In response to some inquiries that have been made about my rather cryptic title for this blog, I am going to unveil at least some of my thoughts behind the choice, and ponder further on the possibilities.
Gestalt – The obvious and, of course, most pedestrian assumption would be that it is based purely and simply on the fact that I am Bipolar. While, admittedly, that gave some impetous to choosing the moniker “Ministry From Two Poles”, it does not explain the rest of the name, “… or Preaching From Both Ends”, or the choice of header art. Being Bipolar makes it inescapable that I will see things from at least two perspectives – low and looking up, or high and looking down. I reside for only very brief moments in the mundane, plebian plane we call “normal” mood. That said, I am far more than a play on words based on my mental state. The choice of title and subtitle has more to do with being irascible, malcontent and a sucker for quality dialogue. I may indeed be a nutjob, but that is at the same time irrelevant and advantageous when pursuing intelligent discourse.
Geography – One reason for the name is that I have lived, if not at both poles of the earth, at least in polar opposite places. My northern hemisphere homes have been various places in the U.S. and, of course, my birthplace in England. My southern abodes have included various places in Australia. I have indeed travelled 13,000 miles from one home to the other – a distant that just about corresponds to half the circumference of the earth. I have lived “above” and “below”, or close to both ends of the earth. My worldview and subject matter for preaching and ministry, then, prevent me from concentrating on a purely “American” perspective – and nudge me more in the direction of global concerns.
Gender identity – While I am decidedly male, I have spent much of my lifetime coming to terms with my feminine side – and I don’t mean that in any glib sense. Having always been slightly effeminate in some regards, I grew up being ashamed of who I am – helped along by my father’s frequent attempts to beat the manhood into me – to harden me for the real world. That is, of course, a normal response of a father who was raised to be ashamed of his less than “man’s man” personna.
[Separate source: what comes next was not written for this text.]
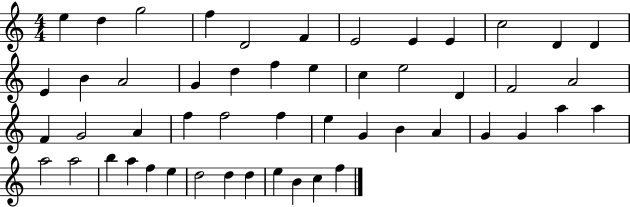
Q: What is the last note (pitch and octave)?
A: F5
I have embraced, finally, the fact that I am analytical and intuitive, methodical and creative, logical and emotional, aggressive and cooperative, fixed and free-flowing – in short, masculine and feminine in ways that make me uniquely me.
Geneology – How many British Shawnee indians do you know? I am not full-blood, but qualify as native American since my maternal great-grandmother was. I am, however, British by virtue of birth, citizenship and basic affinity. I have had to learn about my ancestral ties and, in the process, gain a great appreciation for the way in which indigenous and colonial worldviews diverge. Rather than not feeling at home anywhere, which is the most common thing I hear from mixed-race folks, I am comfortable anywhere. I am not a chameleon, but I have a deep and abiding appreciation for different cultures. I have found that this attitude makes it even possible to a white American to have a meaningful conversation with a Guatamalan Mayan Indian when neither knows anything of the other’s language. If you care to know, language is incidental.
Gastrointestinal – oh, shoot! My apologies. I have no idea how that got there. Carry on!
God and that image thing – The picture above explains my understanding of God. For creation to be birthed from “the womb of God”, as is attested in various Hebrew Scripture passages, nourished and comforted at the breasts of God (ditto), sustained and protected by the hands of God, and judged by the righteousness and power of God, I have to come to terms, as best I can, with the nature of God. I do not believe God to be genderless, race-less or in any other way lacking in the concepts we humans have of classifying each other, but God is all things. God is male and female, all races, all levels of wisdom and age – God is all human characteristics and well beyond any facet we may decide is normative or preferable. God is all things – and God deemed all things “good”. God is not the absence of what makes humans human, but the presence of all that and so much more. That each of us can see oursleves in the image of God is good; that we decide God has more affinity with any characteristic is idolatry.
Golgotha – It takes two poles to make a cross! One is set vertically, figuratively pointing to heaven and earth, while the other is horizontally pointing to each other.
More to follow, as I ponder this further.